The teen and her family took the note to police. But sexual violence against women and girls is so common in India, news of the accused rapist's subsequent arrest for harassment was given only a few lines in one of the country's leading dailies.
There have been several high-profile rape cases that have shocked the country in recent weeks, including the woman in Unnao, who was about to board a train for a court hearing in her case when she was allegedly set on fire earlier this month.
The latest incidents come around the seventh anniversary of a gang rape on a moving bus in New Delhi that galvanized massive protests and inspired lawmakers to order the creation of fast-track courts dedicated to rape cases and stiffen penalties for those convicted of the crime.
In India, gruesome reports of rape and retaliatory killing are hauntingly familiar, and whether a report of rape rises above the din is largely determined by class and caste dynamics. But even if a case does become big news, it could have little effect on how the country's overburdened court system works for most people, experts said.
After she was set on fire, the 23-year-old woman from Unnao was medevaced to a burns unit in New Delhi, where she later died.
Her death came just a day after police fatally shot four men who were being held as suspects in the gang rape and murder of a 27-year-old veterinarian near southern India's tech hub of Hyderabad. The woman's burned body was discovered by a passer-by late last month.
Before an investigation into whether the police shootings were justified, many people across India were cheering the result. Others condemned it.
"Nobody wants to invest in changing the system," said Sunitha Krishnan, an activist and gang-rape survivor in Hyderabad. "You've just done some instant justice, closure, everybody's moved on. And for most people, this is finished. But life doesn't move on for hundreds of thousands of victims who are languishing for justice. And that's the pathetic reality of this country."
Those praising the police shooting contrasted it with the 2012 case in New Delhi — whose victim was dubbed "Nirbhaya," or "Fearless," by Indian media because rape victims can't be identified under Indian law.
The case continued on Monday, the seventh anniversary of the brutal bus attack. The victim, a 23-year-old physiotherapy student, was heading home from a movie with a male friend when six men lured them onto a private bus. They beat the man with a metal bar, raped the woman and used the bar to inflict massive internal injuries to her.
Six people were convicted for the crime, one of whom authorities say hanged himself in New Delhi's Tihar prison in 2013. Another was a juvenile at the time of the attack and was sentenced to three years in a reform school. Four others were sentenced to death by hanging, including one man whose appeal for mercy — an appeal available only in capital punishment cases — remained pending with the Supreme Court.
Jitendra Kumar Jhat, the lawyer representing the 2012 victim's parents, said to call it a "fast-track" court was ironic since it had been a year and a half since the Supreme Court had last confirmed the death penalty for the four men convicted in the case.

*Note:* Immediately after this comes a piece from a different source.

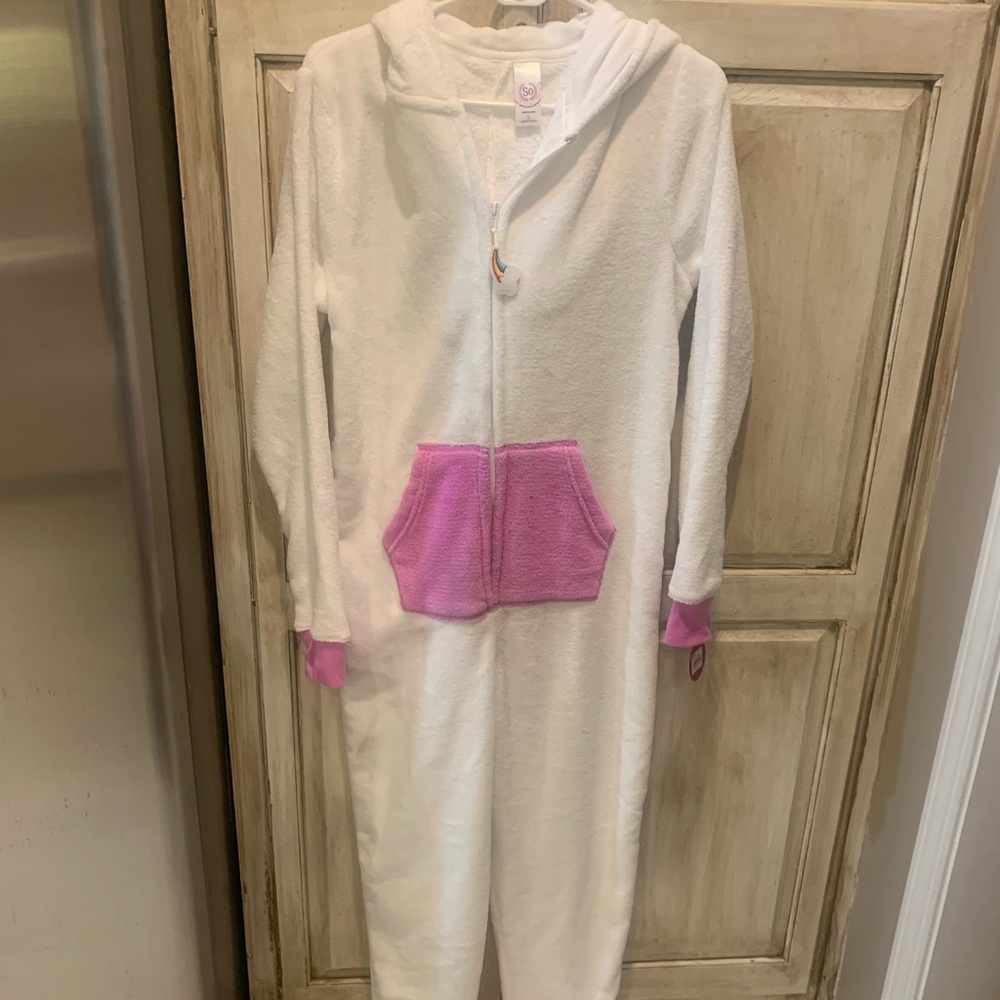 Unicorn Halloween costume size large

India's judicial system's "systemic flaws are being exploited by criminals, and this sentence is not deterring anyone," Jhat said.

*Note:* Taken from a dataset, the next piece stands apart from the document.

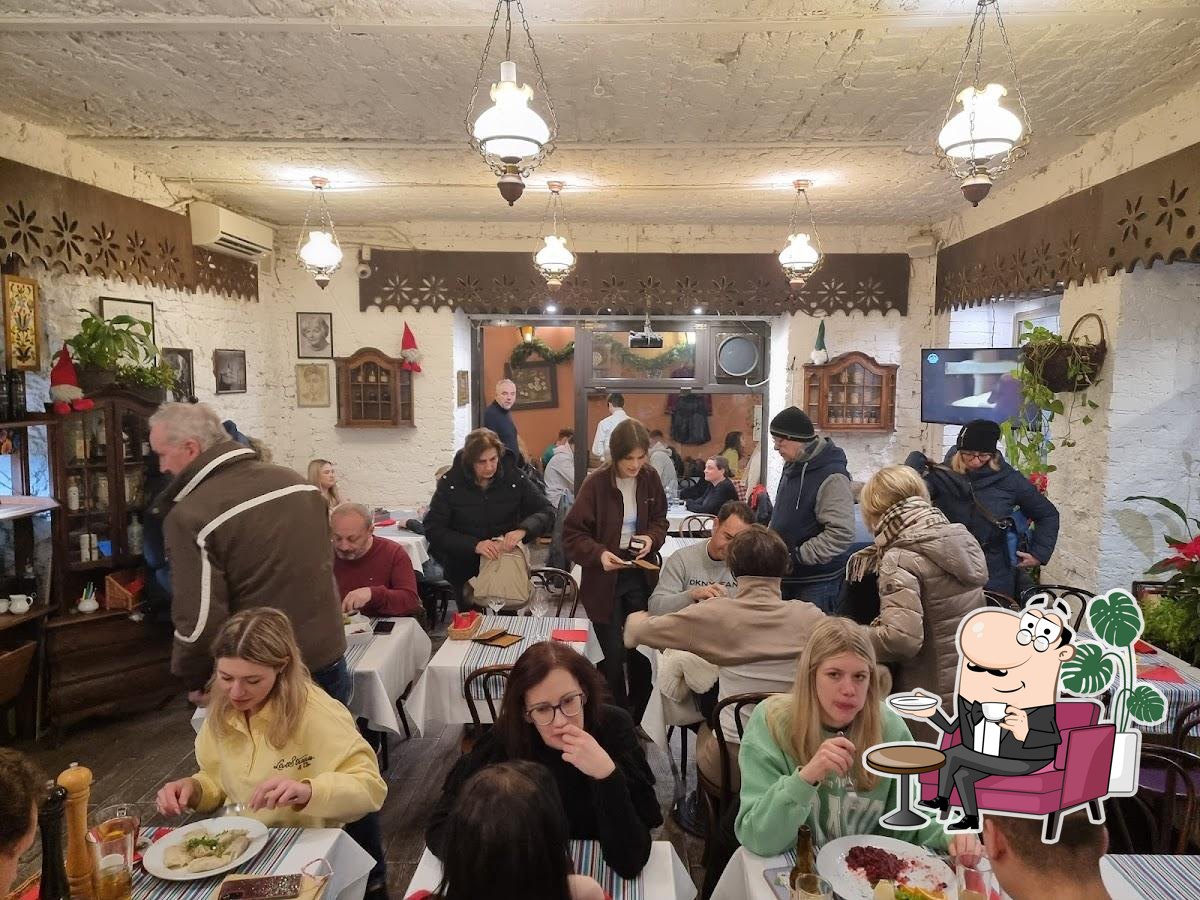 Интерьер "Specjały Regionalne - restauracja polska Stare Miasto".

That seven years later, the sentence of capital punishment has yet to be carried out enrages many in India and has motivated more extreme forms of protest.
Swati Maliwal, head of the Delhi Commission for Women, fell unconscious on the 13th day of a hunger strike undertaken outside Mahatma Gandhi's mausoleum in New Delhi to demand lawmakers pass a bill that would force courts to carry out the executions of convicted rapists within six months of the crime.

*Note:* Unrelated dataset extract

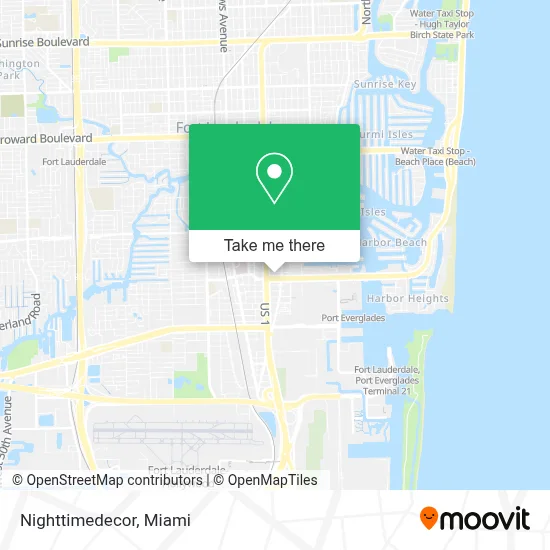 Nighttimedecor map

According to the latest Indian government data, police registered 33,658 cases of rape in 2017 — an average of 92 per day and a 35% jump from 2012. About 10,000 of the reported victims were children. The real figure is believed to be far higher because of the stigma of sexual violence in India.
The conviction rate over the same period rose 33%, from less than a quarter to about a third of all cases filed. Only 15 of the more than 200 reported murders with rape or gang rape in 2017 resulted in convictions that year, data showed.
"We are planning to make this a nationwide movement," Maliwal said when she began her fast, done in response to the gang rape and killing in Hyderabad. "Rapes in this country have to end."